El ministro Longueira dio a conocer los pasos que el gobierno se encuentra adoptando con el fin de trasladar la institucionalidad de CONICYT al Ministerio de Economía desde el Ministerio de Educación. Tal anuncio generó un amplio rechazo desde diferentes gremios asociados al desarrollo de la ciencia en Chile, y hasta el Ministro de Educación salió a manifestar su desacuerdo con una medida de tales características. En general, la motivación de las críticas se centró en una oposición entre la asignación de recursos con una mirada de corto plazo asociada con una lógica de mercado, y una de largo plazo asociada con generar una institucionalidad propia para el desarrollo científico.
El anuncio de Longueira, asociado a un mandato del Presidente Piñera, no hace sino dejar en claro el limitado entendimiento que el gobierno de Chile posee actualmente en términos de la significancia del desarrollo científico. Pretender dejar la institucionalidad científica en el Ministerio de Economía con el fin de favorecer la inversión en investigación aplicada, desconoce el aporte de la ciencia básica como patrimonio nacional y como pieza fundamental de la innovación.
Pero tal desconocimiento no es del todo ingenuo y se alinea con la ideología del gobierno, puesto que al priorizar el financiamiento de ciencia aplicada, se incurre en una suerte de subsidio al sector empresarial, el cual se caracteriza por su bajísima inversión en investigación y desarrollo. Hacer ciencia aplicada implica dar respuestas a problemas contingentes, usualmente en materia productiva. La definición de tales preguntas se asocia con el escenario productivo actual y en muy baja medida se podría esperar un retorno público al no existir una política científica nacional sustantiva.
La política científica chilena se funda en financiar la investigación científica y en formar capital humano, sin embargo, no existe una definición estratégica de áreas prioritarias de investigación, ni una relación de cooperación visible y explícita entre la producción científica nacional y la elaboración de políticas públicas o el trabajo legislativo. El trabajo científico es un invitado clandestino en la formación de la nación, donde los tomadores de decisiones prefieren decidir a ciegas en lugar de ver sus convicciones políticas desafiadas por otras formas de conocimiento muchas veces más rigurosos.
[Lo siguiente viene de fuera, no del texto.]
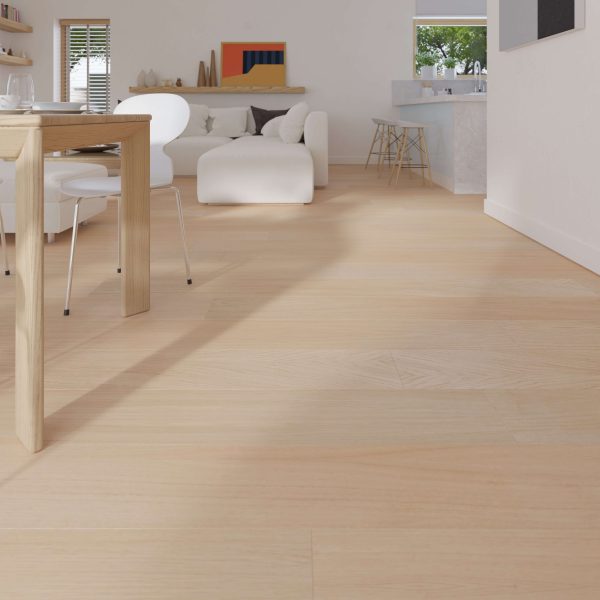 A modern living and dining area featuring Briar Oak R&Q flooring, a wooden dining table with white chairs, a white sofa, minimal shelf decor, and a kitchen with bar stools in the background.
No quiero decir que las ciencias deberían definir las controversias políticas, pero sin duda deberían al menos jugar un rol explícito en ellas.
El derecho a vivir en un medio ambiente libre de contaminación, una extraña entelequia de la Constitución de 1980, se lo debemos en parte al trabajo del CONICYT, que por aquellos años aún conservaba el rol consultivo para el cual fue creado en 1967. La presentación del trabajo realizado en los años anteriores al Golpe de Estado de 1973, particularmente con miras a la Cumbre del Medio Ambiente Humano de Estocolmo en 1972, sirvió de base para el trabajo de diseño constitucional de la Comisión Ortúzar. Sin embargo, fue la misma dictadura la que posteriormente convirtió al CONICYT en un mero administrador de recursos con el DFL 33 de 1981, y ciertamente el desdén de los gobiernos siguientes perpetuaron esta figura.
Las propuestas que apuntan a la creación de un ministerio específico para la ciencia y la investigación hacen eco de una carencia concreta del país, un déficit que nos hace siempre estar parados sobre aguas turbulentas por la negativa a siquiera intentar definir las coordenadas de un mundo en común. Si bien un ministerio no sería la panacea ni la solución definitiva, sin duda se convertiría en un gran aporte en un momento en que el litio, las energía renovables, los organismos genéticamente modificados, el cambio climático o la contaminación extrema no hacen sino reventar las capacidades de un estado que pretende tomar decisiones a ciegas.